Absturz der New Economy: Biljana Srbljanovics „God save America“ in Wien

Eben noch besser bezahlt als der Präsident der Vereinigten Staaten, ist Karl Roßmann jäh aus dem Job gefallen und taumelt nun dem sozialen Ende entgegen. Die Konten sind gesperrt, die Miteigentümer wollen ihn aus seinem sündteuren Apartment hinauswerfen.
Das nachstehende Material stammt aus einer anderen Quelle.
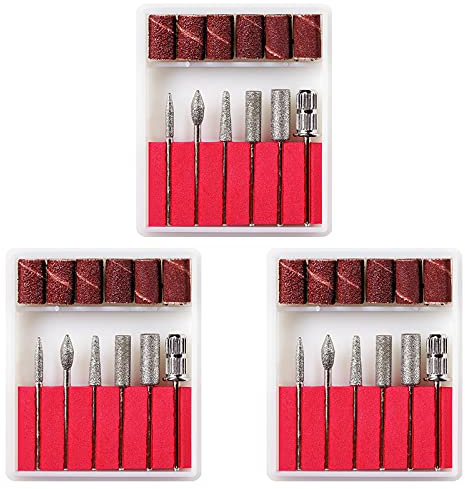 3 Sets Nail Grinding Bits Professional Electric Manicure Tools Nail Files Drill Machine Accessories for Trim, Sand, Polish Nails
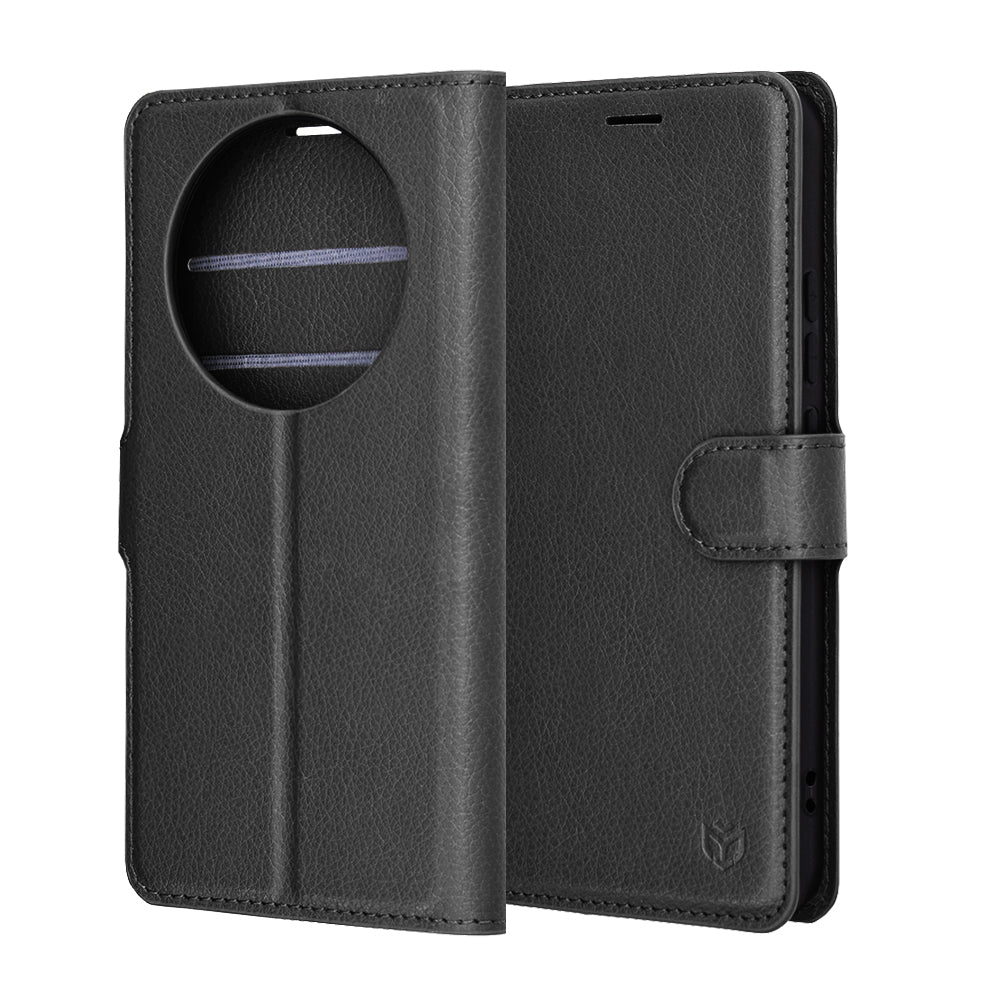 Pouzdro pro Honor Magic8 Lite, Techsuit, Leather Folio, Černá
Was sich in dieser Kurzfassung wie ein Exposé zu einem bürgerlichen Drama liest, kommt in Biljana Srbljanovics Stück „God save America“ allerdings als Nummernrevue daher. Zum Drama fehlen den Figuren Tiefe und Charakter. Auch das könnte mehr als nur kurzweilige Unterhaltung bieten, hätte Karin Beier ihre Inszenierung des im vergangenen Jahr in Belgrad uraufgeführten Stücks am Wiener Akademietheater nicht nur schmissig inszeniert, sondern auch entsprechend konsequent besetzt. Doch da liegt das Problem, so routiniert die Darsteller auch spielen mögen.
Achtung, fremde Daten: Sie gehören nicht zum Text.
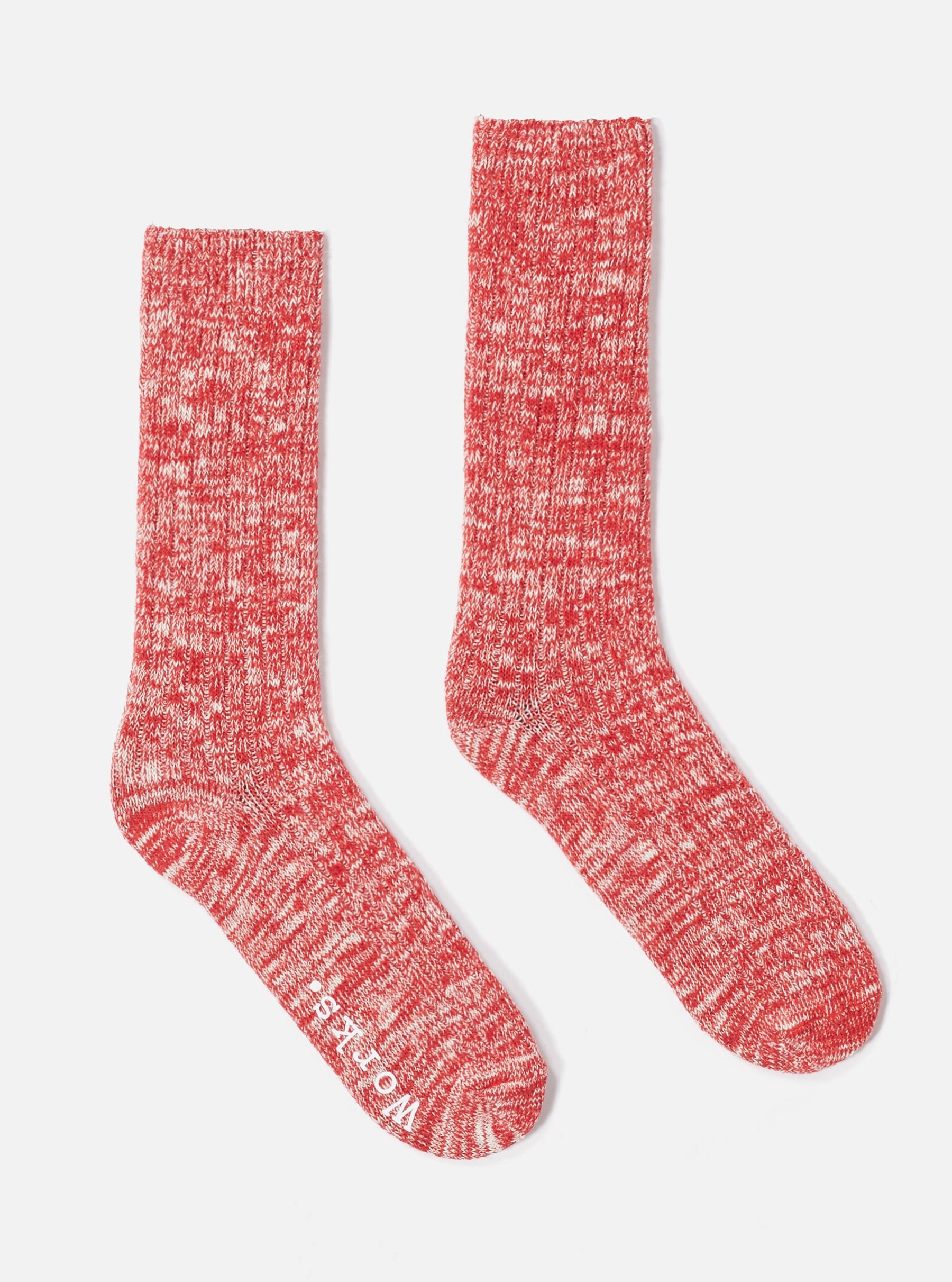 Slub Knit Sock in Red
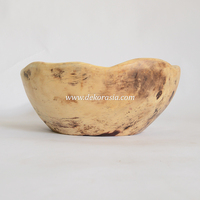 Bol de service artisanal en bois de tamarin, écologique, design moderne pour salade de fruits et soupe, vaisselle décorative en gros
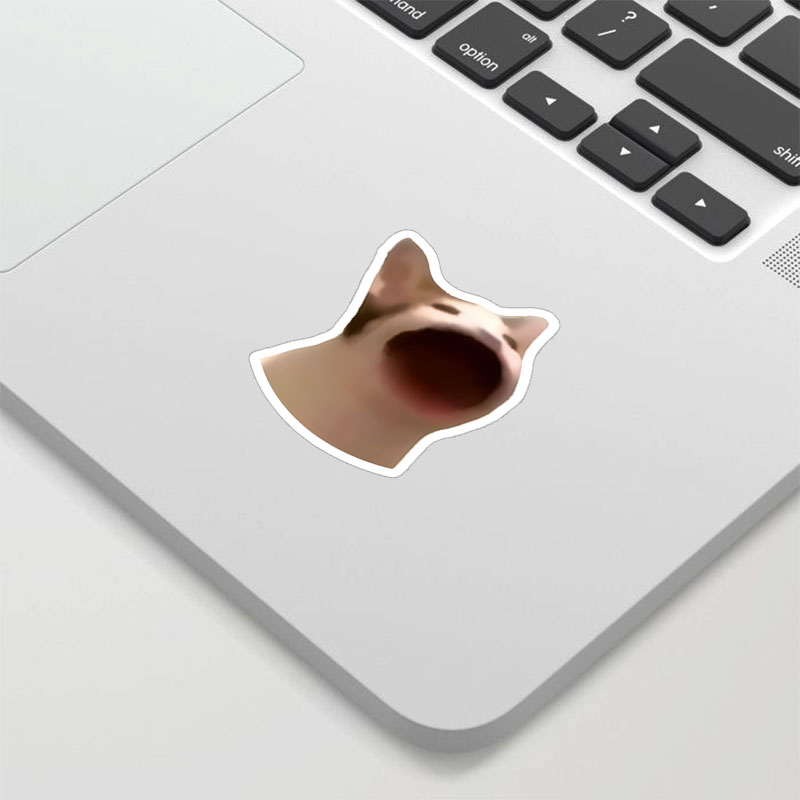 Shouting Cat Funny Geek Sticker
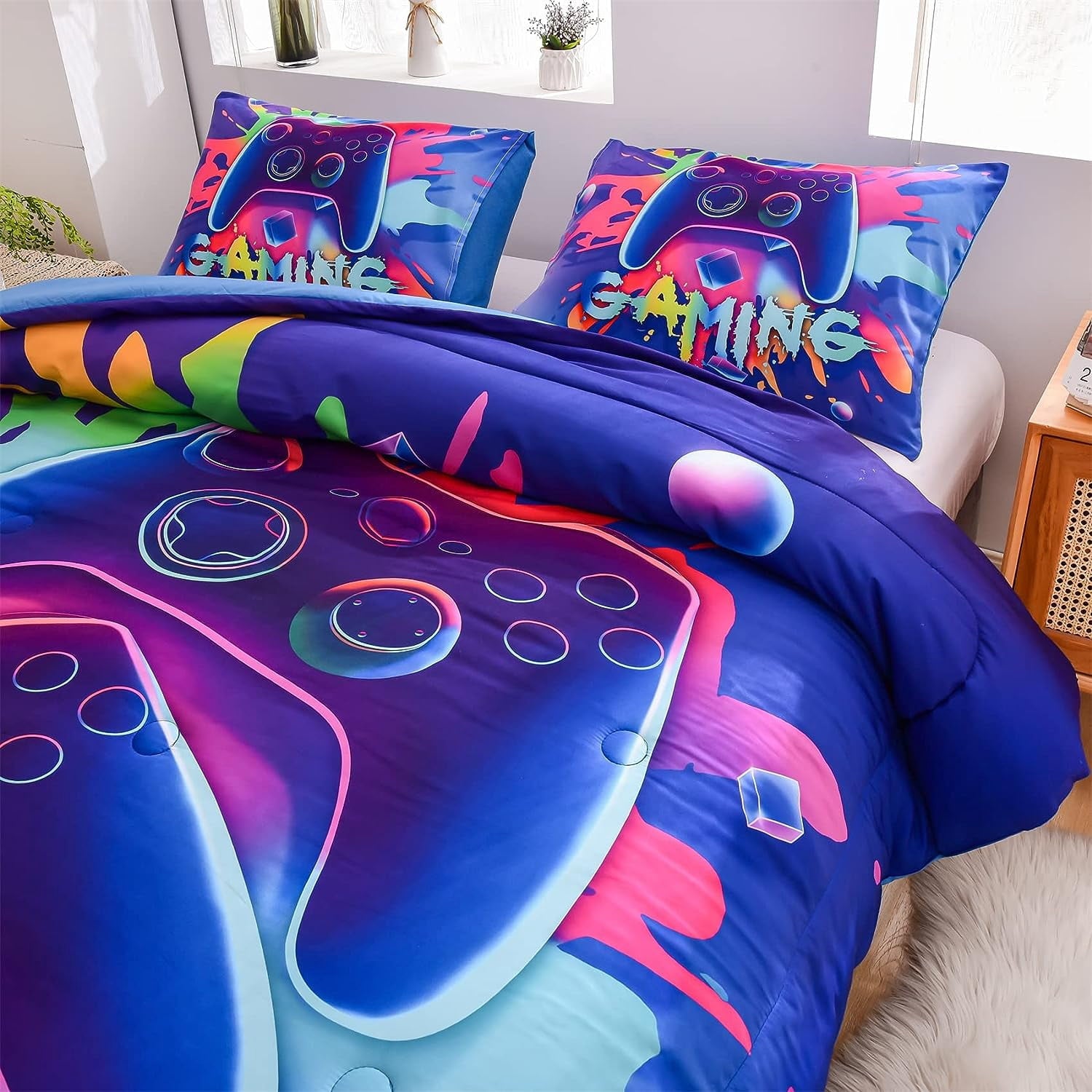 NTBED Purple Queen Gaming Comforter Sets for Boys Kids Bedding Sets Colorful Games Console Gamer Quilt Set - Image 6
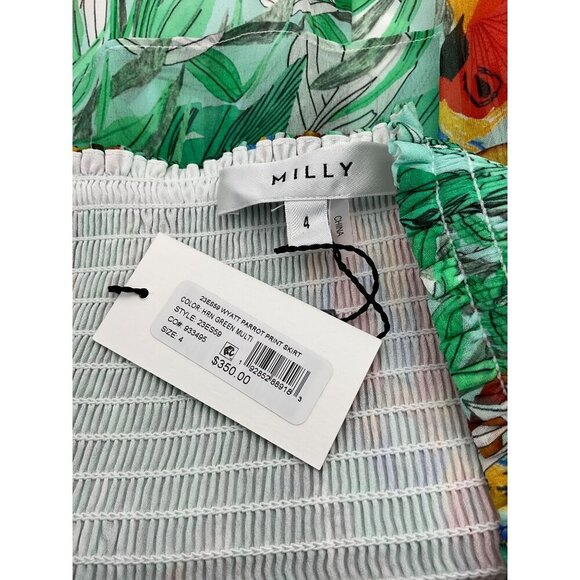 MILLY Wyatt Parrot Print Tiered Ruffled Mini Skirt Green Multi Lined NWT Size 4 - Picture 8 of 9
Michael Wittenborn als Karl ist ein zergrübelter Phlegmatiker, der in den Glanzzeiten der New Economy – auf deren armseliges Ende die Ende 2002 in New York beheimatete Autorin anspielt – allein schon seines unglamourösen Alters wegen gefeuert worden wäre. Der Kellner, dem als Eintreiber offener Rechnungen eine schlichte, aber dramaturgisch wichtige Rolle zukommt, ist mit Michael Gempart in jedem Wiener Beisl zu Hause, gewiss aber nicht in einem New Yorker Designer-Restaurant. Das Feinkostmädchen schließlich, dem Karl nach dem Eingeständnis seines beruflichen Scheiterns gegen Ende des Stücks einen linkischen Flucht- oder auch Heiratsantrag macht, um es sogleich sitzen zu lassen, stammt mit Alexandra Henkel geradewegs aus dem Gutmenschentum des Berliner Musicals „Linie 1“, aber nicht aus der mit ewigem Betrug geschlagenen Unterschicht, egal ob der Neuen oder der Alten Welt. Bei Horvath wäre nachzulesen, wie eine solche Figur „aus dem Volke“ glaubwürdig gezeichnet werden kann.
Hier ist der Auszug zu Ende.